Assigned task:
Set down the lines below, exactly, starting at the one that contains "Calling all Bridgerton" and stopping at the last line, inclusive. Omit pictures.
---------- Given data ----------
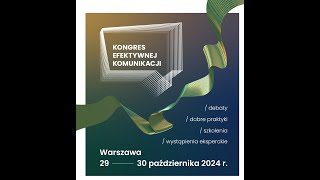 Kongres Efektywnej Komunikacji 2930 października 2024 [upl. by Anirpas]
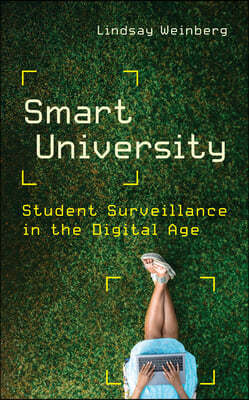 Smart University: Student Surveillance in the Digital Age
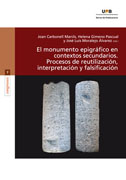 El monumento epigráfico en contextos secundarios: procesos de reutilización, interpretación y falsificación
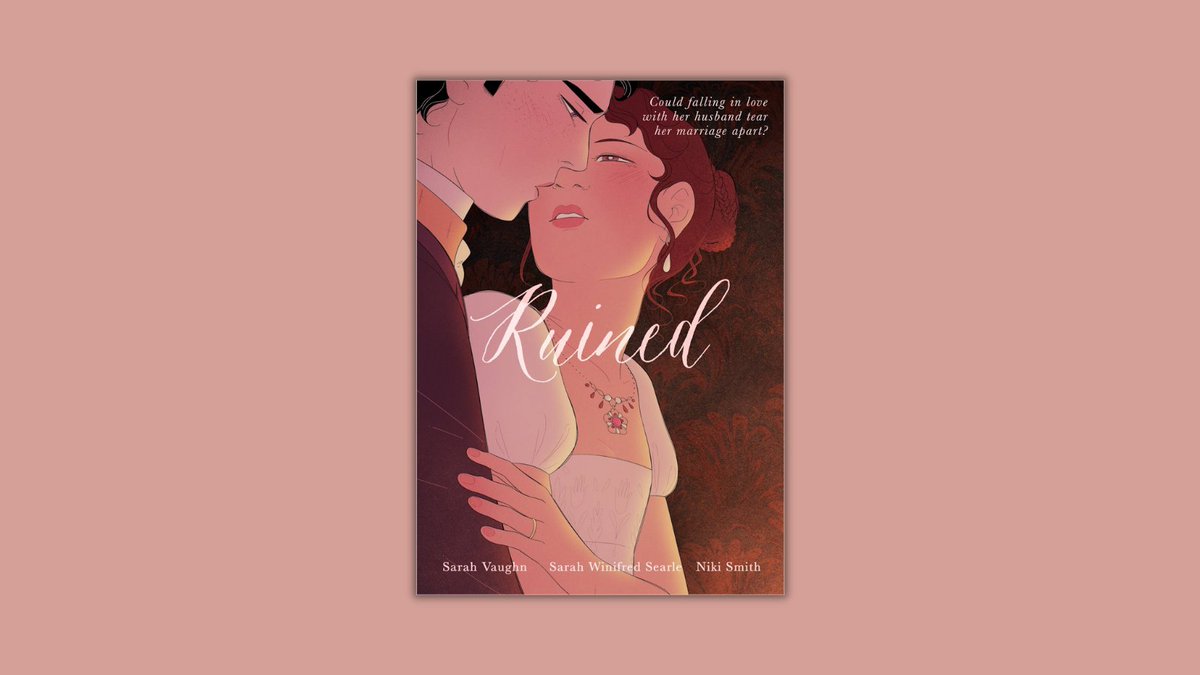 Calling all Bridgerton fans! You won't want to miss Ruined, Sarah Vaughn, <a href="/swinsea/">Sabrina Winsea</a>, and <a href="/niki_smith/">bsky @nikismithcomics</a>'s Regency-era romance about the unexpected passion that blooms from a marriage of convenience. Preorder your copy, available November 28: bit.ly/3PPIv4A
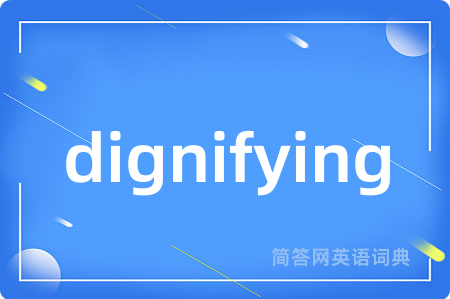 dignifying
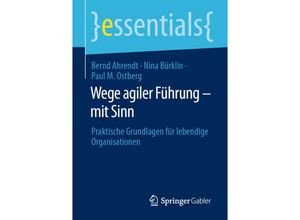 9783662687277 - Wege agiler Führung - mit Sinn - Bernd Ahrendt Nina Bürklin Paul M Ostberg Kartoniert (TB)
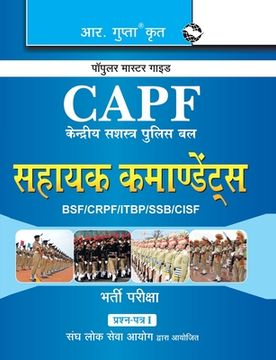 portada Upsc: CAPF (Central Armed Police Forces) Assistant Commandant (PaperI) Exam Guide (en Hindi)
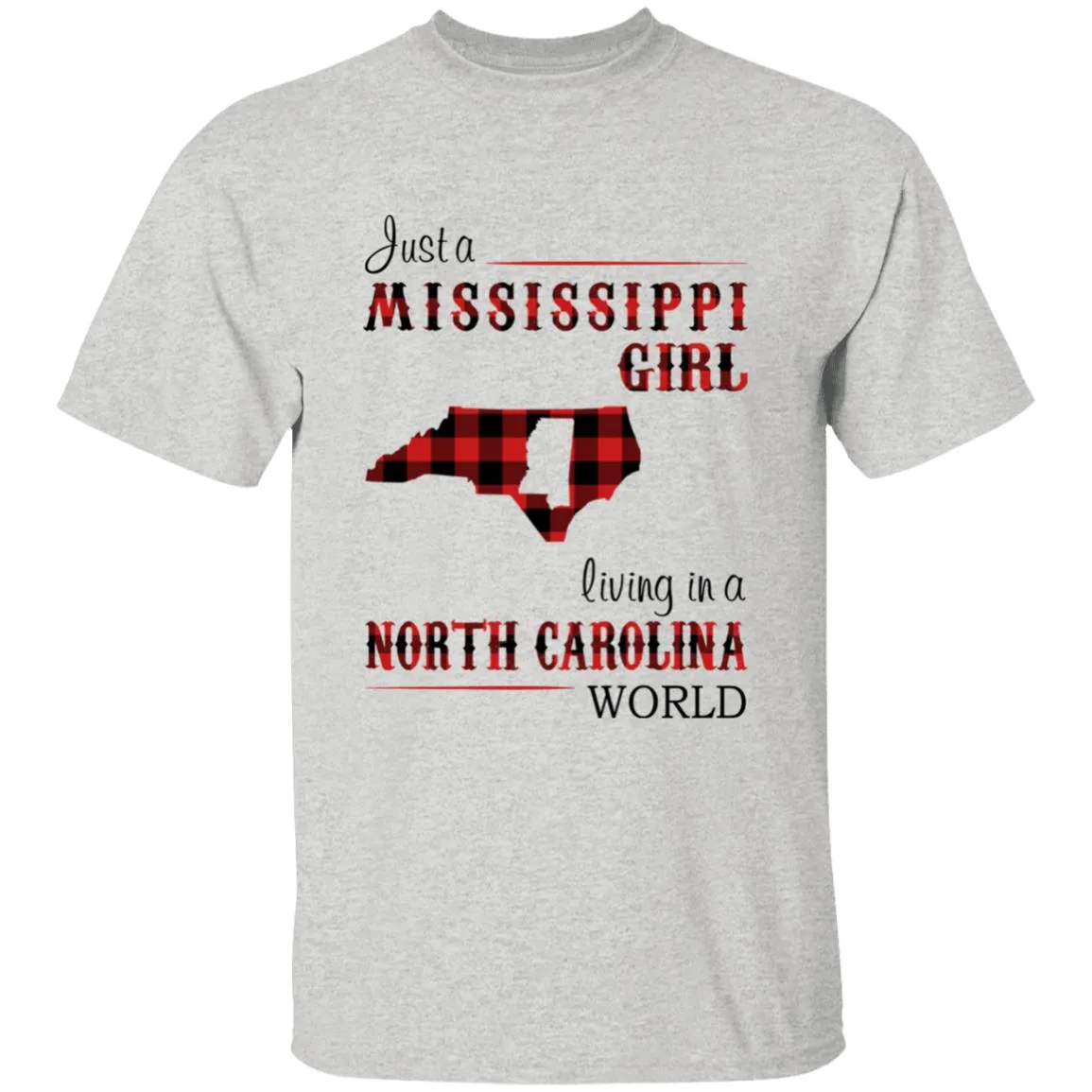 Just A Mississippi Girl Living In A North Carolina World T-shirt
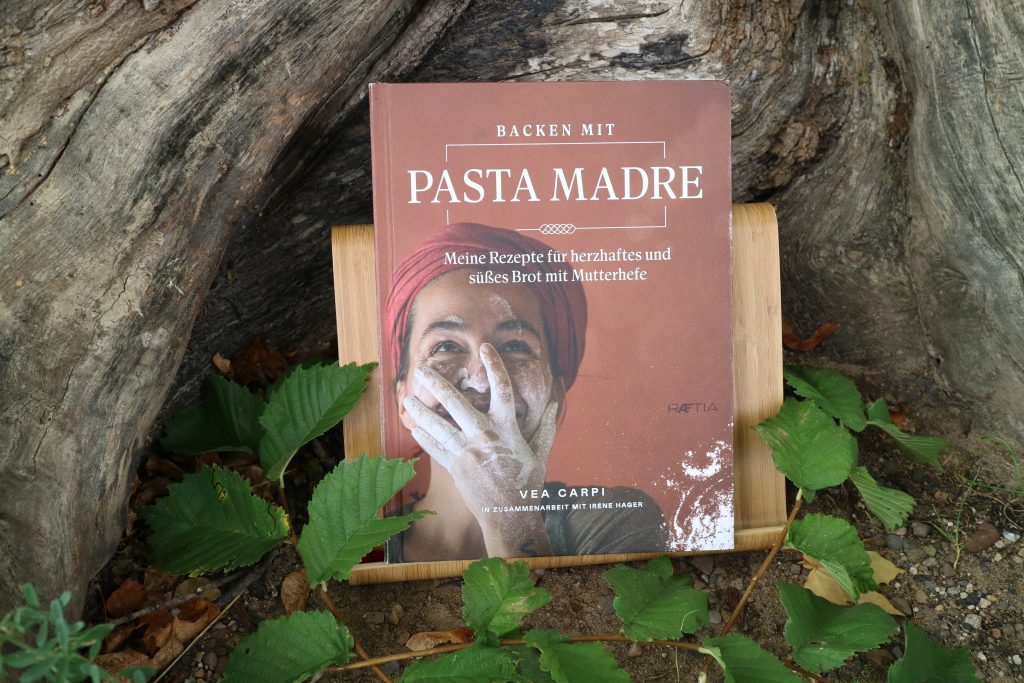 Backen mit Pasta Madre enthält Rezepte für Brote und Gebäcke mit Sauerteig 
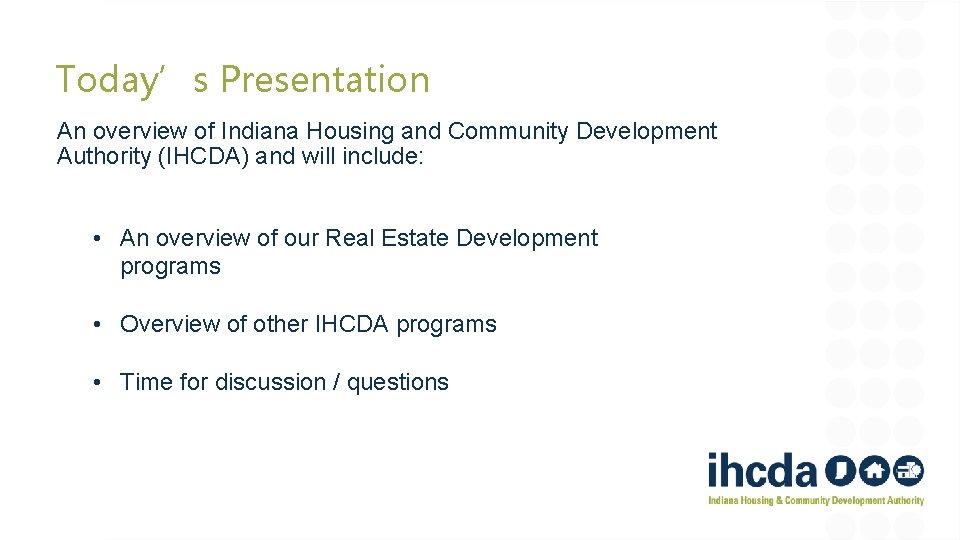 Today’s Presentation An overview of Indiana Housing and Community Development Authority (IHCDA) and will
----------
Written solution:
 Calling all Bridgerton fans! You won't want to miss Ruined, Sarah Vaughn, <a href="/swinsea/">Sabrina Winsea</a>, and <a href="/niki_smith/">bsky @nikismithcomics</a>'s Regency-era romance about the unexpected passion that blooms from a marriage of convenience. Preorder your copy, available November 28: bit.ly/3PPIv4A
 dignifying
 9783662687277 - Wege agiler Führung - mit Sinn - Bernd Ahrendt Nina Bürklin Paul M Ostberg Kartoniert (TB)
 portada Upsc: CAPF (Central Armed Police Forces) Assistant Commandant (PaperI) Exam Guide (en Hindi)
 Just A Mississippi Girl Living In A North Carolina World T-shirt
 Backen mit Pasta Madre enthält Rezepte für Brote und Gebäcke mit Sauerteig 
 Today’s Presentation An overview of Indiana Housing and Community Development Authority (IHCDA) and will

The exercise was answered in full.